1U rackmount clock

Clock module with dimmable output for a 12V rack light

In my mixer case I had exactly 1U free. To fill up the free space with something useful I made this small clock module.

Picture: Front side of the board

The central controlling is done by an Atmel ATTINY2313 microcontroller. It gets its time from a DS1307 RTC. The display of type FIP5Q13 comes from my tinkering box and is driven by the VFD driver combination of MAX6921 / LM9022. These two chips were also used in my talking alarm clock.

Picture: Backside of the board

The real-time clock is not yet assembled, but it is not necessary for testing the vacuum fluorescence display.

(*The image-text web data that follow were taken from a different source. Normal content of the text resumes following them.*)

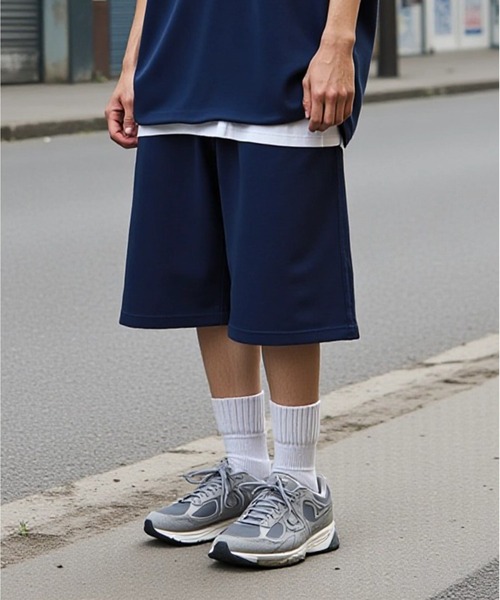 United Athle（ユナイテッドアスレ）の「【United Athle】8.2オンス スウェット ショーツ (裏パイル) 5199（スウェットパンツ・メンズ・インディゴブルー/ミント/ブラック/アッシュ/ナチュラル・L/S/XL/M）」の18枚目の写真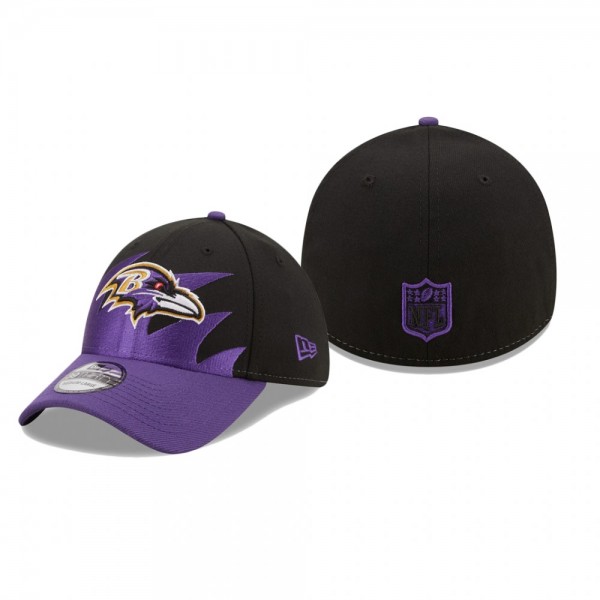 Baltimore Ravens Black Purple Surge 39THIRTY Flex ...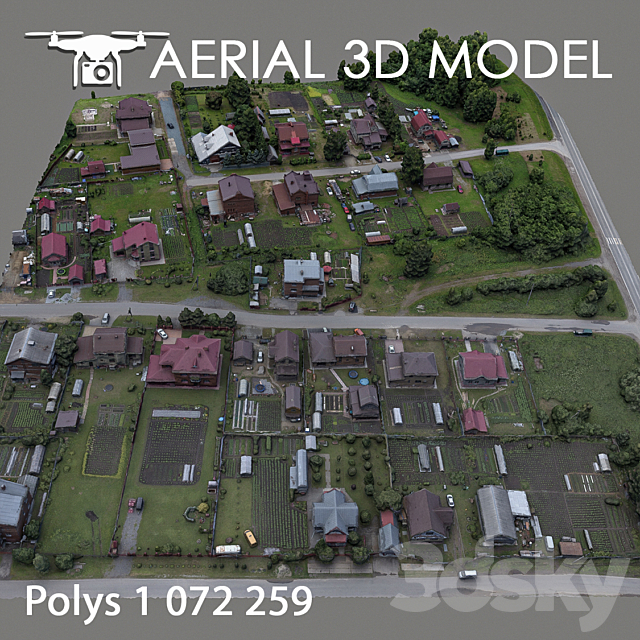 Residential area 68 3DSMax File - thumbnail 3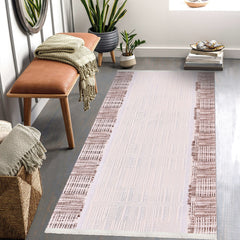 Krem Modern Mikropolyester Makine Halısı
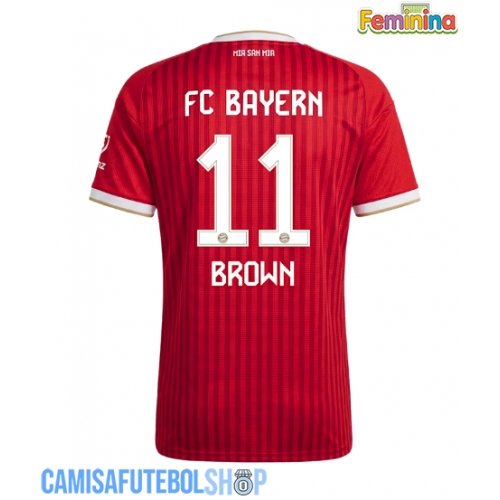 Camisa de time de futebol Bayern Munich Nathaniel Brown #11 Replicas 1º Equipamento Feminina 2026-27 Manga Curta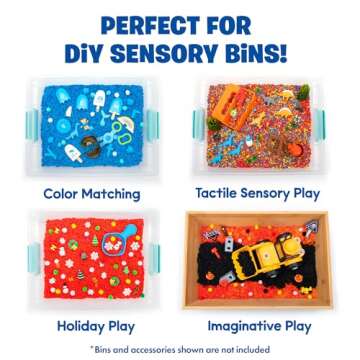 Educational Insights Playfoam Pluffle for Sensory Bins 2-Pack Red & Blue, Ages 3+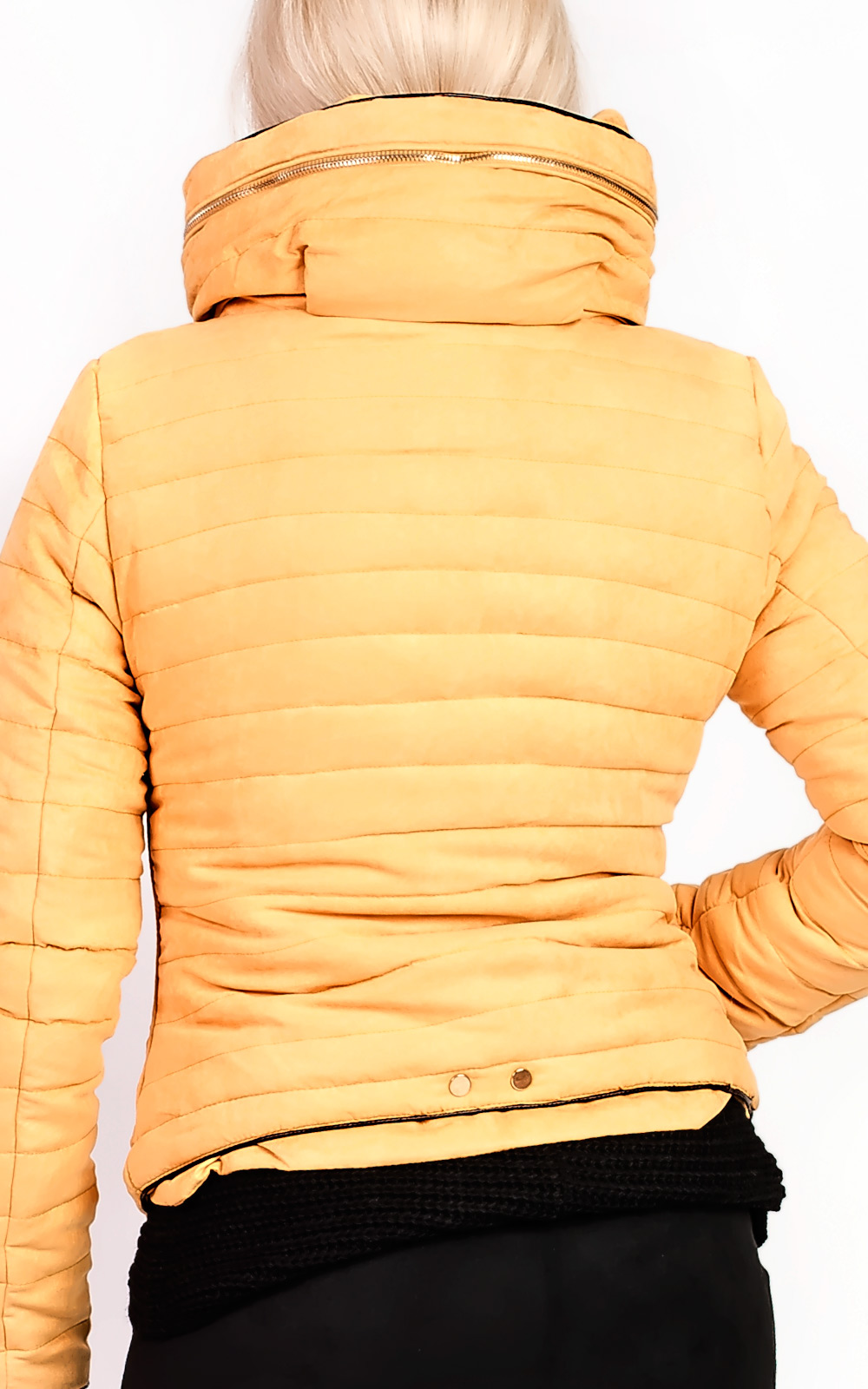 Lizziah Padded Faux Suede Jacket Thumbnail Lizziah Padded Faux Suede Jacket Thumbnail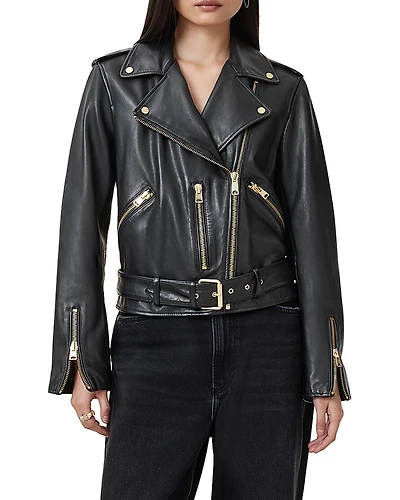 Allsaints Balfern Leather Biker Jacket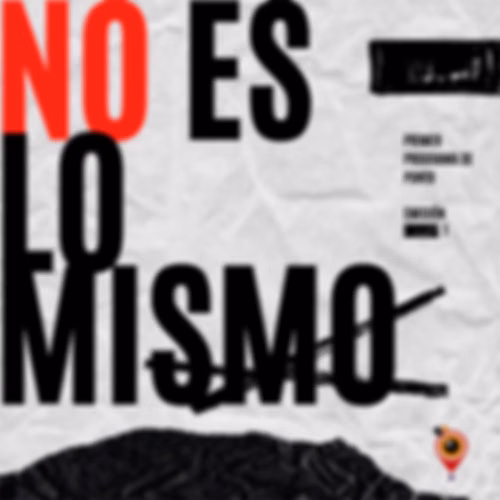No es lo mismo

Picture: Testing the display

The firmware is written completely in C. To set the time, simply press the button on the back. With the rotary encoder, hours and minutes can be set. Furthermore a PWM dimming function for the LED rack light is implemented. The desired brightness can be set in 25 steps. Besides the setting mode, the rotary encoder is used for the brightness control. The selected brightness level is also shown in the display, for example LA15. The set brightness value is stored in the EEProm and is thus permanently stored. After a few seconds the display changes back to the actual time.

Picture: VFD color filter

To protect the display and to increase the contrast, blue acrylic glass is mounted in front of the VFD.

Picture: Test run with bezel

Lutz has sanded the bezel for me and then machined it on the CNC mill. The corners in the display cutout were then carefully filed by hand. (These are usually a bit round depending on the size of the milling cutter) Afterwards I had the bezel painted black matt. Whow!

The acrylic glass plate in front of the display is glued with silicone. To fix the display I used my favorite two-component glue Pattex Stabilit. Underneath the glue, the paint had to be sanded away with the Proxxon until bare metal was visible. M3 screws are used as spacers.

Picture: Glue

When installed in the case, the whole thing looks like this:

Picture: Clock in the case

The clock has been running since 2009 without any problems!


In 2022, a suitable back cover was created. It was drawn using OpenSCAD and 3D printed.

Screenshot: Enclosure in OpenSCAD
Picture: Finished enclosure

Unfortunately there is no schematic for this project. The display is also a unique piece. If you want to rebuild this clock anyway, you are welcome to modify the source code to another VF display.